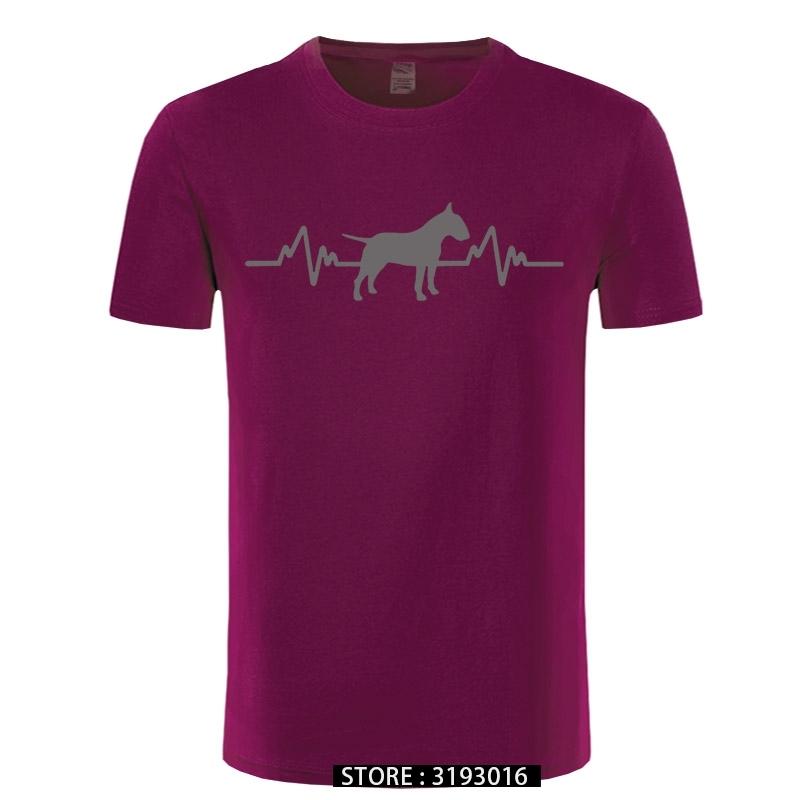 Funny Heartbeat English Bull Terrier Dog T Shirt Men Custom Pattern Cotton Short Sleeve Man Joke Present Tshirt Christmas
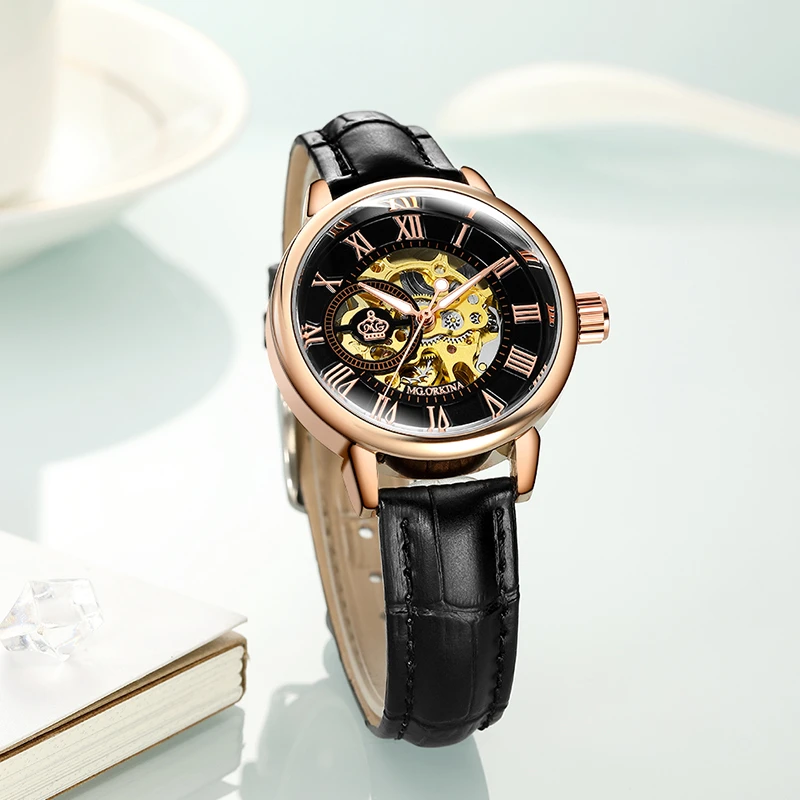 【万象撤柜】双面镂空时尚气质黑皮带机械表女士手腕表Oqn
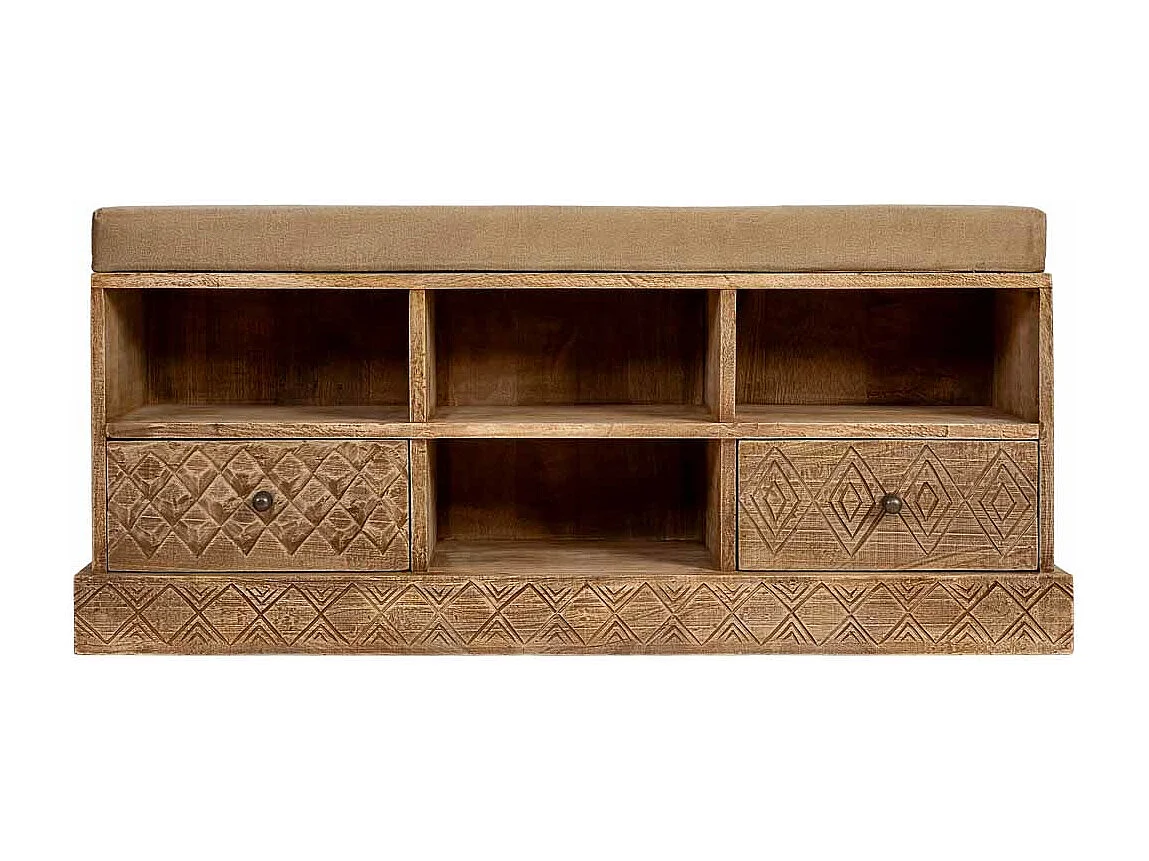 Houten bank met 3 planken en 2 lades, bruin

------------------------------------------------

**Task brief**
Using the data above, print every line exactly, omitting pictures.

**Solved exercise**
 Funny Heartbeat English Bull Terrier Dog T Shirt Men Custom Pattern Cotton Short Sleeve Man Joke Present Tshirt Christmas
 【万象撤柜】双面镂空时尚气质黑皮带机械表女士手腕表Oqn
 Houten bank met 3 planken en 2 lades, bruin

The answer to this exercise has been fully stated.